Hibata.id – Masyarakat Desa Songak, Kecamatan Sakra, Kabupaten Lombok Timur, Nusa Tenggara Barat, hingga kini melestarikan praktik pengobatan tradisional bernama kedewan.
Ritual ini diyakini sebagai bentuk penyembuhan spiritual dan sekaligus sebagai sarana untuk melunasi nazar atau hutang batin yang belum terpenuhi.
Ritual kedewan dilakukan di dua lokasi sakral, yaitu Masjid Bengan dan Makam Keramat yang menjadi pusat kegiatan spiritual warga Songak.
Kedua tempat ini diyakini memiliki kekuatan metafisik yang menjadi penghubung antara manusia dengan alam gaib.
Menurut riset Journal of Lombok Studies, tradisi kedewan merupakan bentuk pengobatan alternatif yang telah diwariskan secara turun-temurun oleh masyarakat adat Desa Songak.
Praktik ini menggabungkan nilai-nilai budaya lokal, kepercayaan spiritual, dan kearifan leluhur dalam satu kesatuan prosesi penyembuhan.
Dalam prosesnya, penderita penyakit yang tak kunjung sembuh secara medis akan mendatangi Masjid Bengan sebagai titik awal ritual. Masjid ini merupakan bangunan kuno yang hingga kini tidak diketahui pasti siapa pendirinya.
Konon, lokasi ini dahulu dihuni oleh tokoh spiritual pertama yang menetap di desa tersebut dan kemudian menghilang secara misterius.
Sebelum pergi, tokoh tersebut meninggalkan pesan agar masyarakat yang sakit mendatangi masjid dan makam keramat dengan membawa daun sirih dan rokok sebagai syarat ritual.
Setelah berziarah ke masjid, tahapan dilanjutkan ke makam keramat yang diyakini sebagai tempat bersemayam roh leluhur penjaga desa.
Proses kedewan melibatkan interaksi langsung dengan mangku, yakni penjaga makam yang bertugas menghubungkan keluarga penderita dengan dimensi spiritual.
Jika dianggap perlu dilakukan ritual penyembuhan, keluarga akan diminta menyiapkan berbagai perlengkapan adat.
Salah satu inti prosesi adalah tari penyembuhan, yang dipentaskan berdasarkan permintaan roh penunggu tempat sakral.
Tarian ini dipercaya sebagai media untuk mengusir gangguan halus yang menyebabkan kondisi seperti kesurupan atau dalam istilah lokal disebut kerandingan.
Gejala kerandingan antara lain berupa halusinasi, perubahan emosi mendadak, hingga dorongan untuk meminta benda-benda tertentu seperti emas atau barang pusaka.
Masyarakat percaya, gangguan ini disebabkan oleh pelanggaran adat atau kegagalan memenuhi nazar kepada penunggu tujuh batas desa yang disakralkan.
Selain kedewan, masyarakat Songak juga mengenal dua ritual pendamping, yakni ngayu-ayu yang dilakukan saat tertimpa musibah, dan nyaur sebagai ungkapan syukur setelah permohonan dikabulkan. Ketiga tradisi ini membentuk sistem kepercayaan lokal yang kuat dan saling melengkapi.

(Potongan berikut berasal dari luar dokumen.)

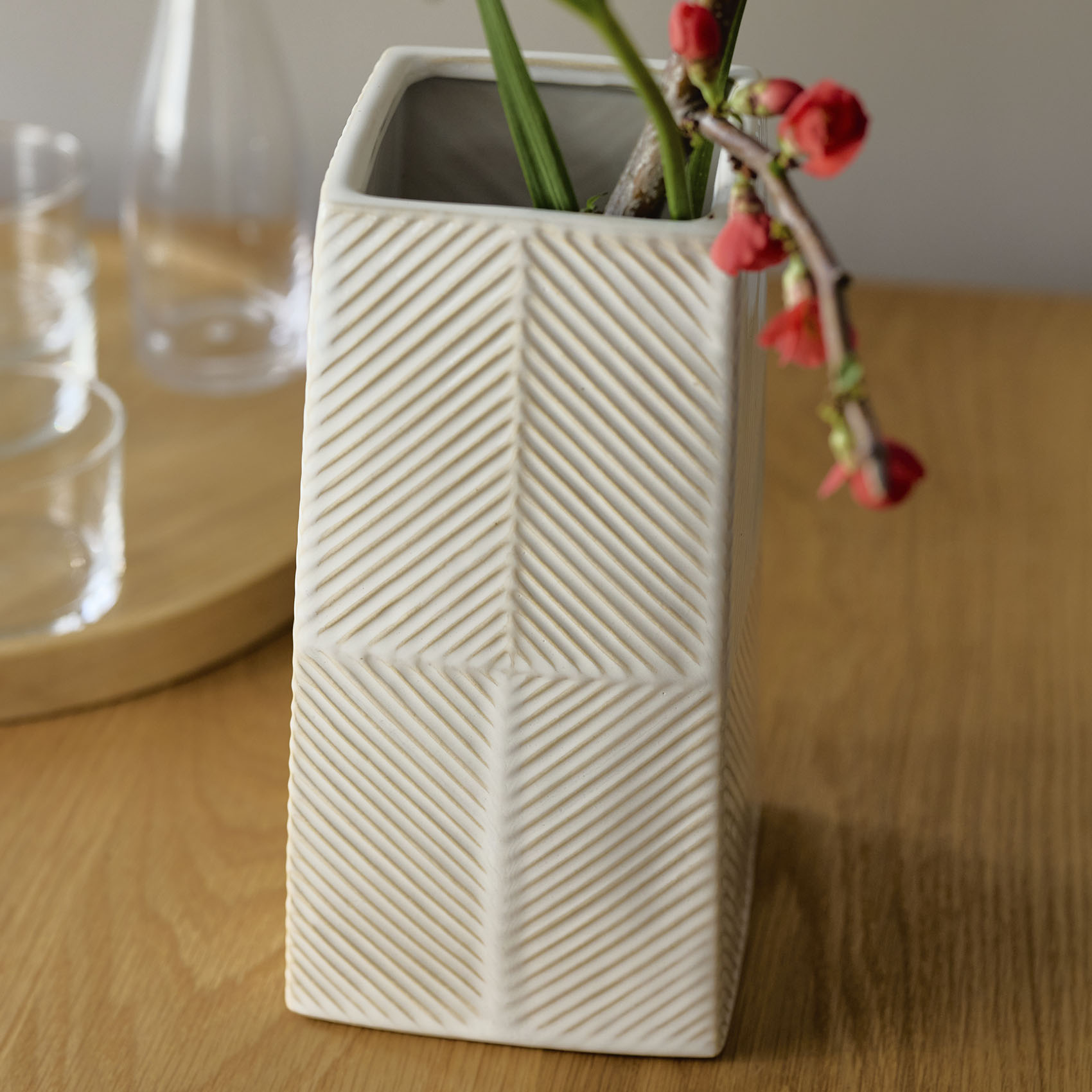 SUGIAYA 形状展開: XL  外寸：12L×12W×23H, カラー展開: 100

Berbeda dengan pendekatan medis modern yang fokus pada aspek biologis, pengobatan kedewan menekankan dimensi spiritual, budaya, dan psikologis.
Waktu penyembuhannya tidak pasti, tergantung pada keyakinan penderita dan hasil komunikasi dengan entitas spiritual yang dipercaya menguasainya.
Desa Songak sendiri merupakan kawasan yang menunjukkan akulturasi budaya antara masyarakat Sasak dan Bali.
Mayoritas penduduk beragama Islam, namun beberapa tradisi lama masih menyimpan unsur kepercayaan Hindu yang diadaptasi secara lokal.
Meski zaman terus berubah, praktik kedewan tetap bertahan sebagai salah satu bentuk kearifan lokal dalam menjaga keseimbangan antara jasmani, rohani, dan alam gaib.
Tradisi ini menjadi bukti bahwa penyembuhan tidak hanya soal medis, tetapi juga soal makna, warisan, dan spiritualitas masyarakat Lombok Timur.